Enterprises commonly automate the deployment of services. They can use juju-quickstart, juju-deployer, landscape autopilot, or their own bespoke script to bootstrap an environment and deploy services. It works repeatedly, reliably for many weeks or months, until a new micro version of juju is placed in the streams. The enterprise sees failures in many ways, commonly the deployment fails because the script lost connection to its watcher, or the juju failed to upgrade at the same moment that charms are installing and configuring services.

When a juju state-server is bootstrapped one its first actions, is to query streams, and start an upgrade to the highest micro version for its major.minor version. eg, the juju client installed 1.22.1, and the current version in streams is 1.22.3, start upgrading. This upgrade will complete in less than a minute. A savvy script bootstrapping an env would wait for an upgrade to complete because upgrading a single state-server is faster and more reliable that upgrading services too.

Enterprises do not like default behaviour however, and their tools were not written to account for this "surprising" behaviour. There are several strategies employed to ensure the state-server is exactly the version that was tested previously:

A. Juju CI and a few others set "agent-version: 1.22.1" to ensure the state-server matches the version under test. But many parties do not like this method because environments.yaml must change each time they upgrade to a new juju client (and server).

B. Canonical IS and many customers use --upload-tools to force the state-server to be a known version. This however make explicit upgrades VERY unpredictable because the juju-client selects agents based on the localhost's arch, series, and $PATH (which might include development jujus). There are several bugs about failed upgrades, and --upload-tools was a factor.

C. The company never uses current juju. They choose to use a version that is not getting updates, like 1.22.x which is not 1.23.x, except that we have delivered updates to their surprise.

Juju chooses to implicitly upgrade because it is a way to deliver compatibility fixes. Azure, AWS, and HP have changed their clouds, and we delivered a new micro version of juju a few days later to ensure juju "Just worked".

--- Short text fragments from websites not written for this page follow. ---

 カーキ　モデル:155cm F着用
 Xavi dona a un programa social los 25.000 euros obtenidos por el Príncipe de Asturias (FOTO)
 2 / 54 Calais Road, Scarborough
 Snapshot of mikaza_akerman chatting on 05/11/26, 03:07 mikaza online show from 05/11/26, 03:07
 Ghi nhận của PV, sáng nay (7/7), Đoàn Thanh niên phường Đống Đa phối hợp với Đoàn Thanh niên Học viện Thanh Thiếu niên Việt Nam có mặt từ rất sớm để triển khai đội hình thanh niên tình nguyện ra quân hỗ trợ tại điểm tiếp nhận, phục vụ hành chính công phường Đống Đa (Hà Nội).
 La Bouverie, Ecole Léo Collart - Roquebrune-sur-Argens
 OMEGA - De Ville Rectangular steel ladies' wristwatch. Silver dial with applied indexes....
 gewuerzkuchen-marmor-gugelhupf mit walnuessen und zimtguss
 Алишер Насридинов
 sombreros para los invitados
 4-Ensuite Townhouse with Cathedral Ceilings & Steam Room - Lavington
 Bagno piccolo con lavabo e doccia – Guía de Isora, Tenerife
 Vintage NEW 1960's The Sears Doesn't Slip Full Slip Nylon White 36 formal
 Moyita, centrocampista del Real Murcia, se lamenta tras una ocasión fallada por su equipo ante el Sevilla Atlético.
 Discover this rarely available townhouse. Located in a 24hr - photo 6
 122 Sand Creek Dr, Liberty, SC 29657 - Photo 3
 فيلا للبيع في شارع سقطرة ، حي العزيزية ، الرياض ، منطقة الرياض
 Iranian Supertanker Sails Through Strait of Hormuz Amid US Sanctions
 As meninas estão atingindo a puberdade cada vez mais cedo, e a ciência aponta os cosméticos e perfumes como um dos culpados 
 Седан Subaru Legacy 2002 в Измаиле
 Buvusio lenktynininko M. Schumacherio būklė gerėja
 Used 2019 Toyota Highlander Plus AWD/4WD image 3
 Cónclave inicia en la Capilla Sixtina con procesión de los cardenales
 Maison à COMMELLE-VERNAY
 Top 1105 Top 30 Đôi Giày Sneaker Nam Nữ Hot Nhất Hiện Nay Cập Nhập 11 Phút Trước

Several changes are needed to ensure enterprises have a reliable and repeatable experience:

1. All API clients must reconnect watchers when they are disconnected. They will be disconnected because of network issues as well as explicit disconnects durin upgrade-juju. The clients need to resume their work.

2.A If juju must upgrade, it needs to prevent clients from starting work until the upgrade is complete, this might mean bootstrap doesn't let go until the state-server is upgraded.

2.B Or juju stops implicit upgrades. No enterprises uses this feature; they work hard to disable it. Juju could instead inform the party that an upgrade is available (as is done for charms).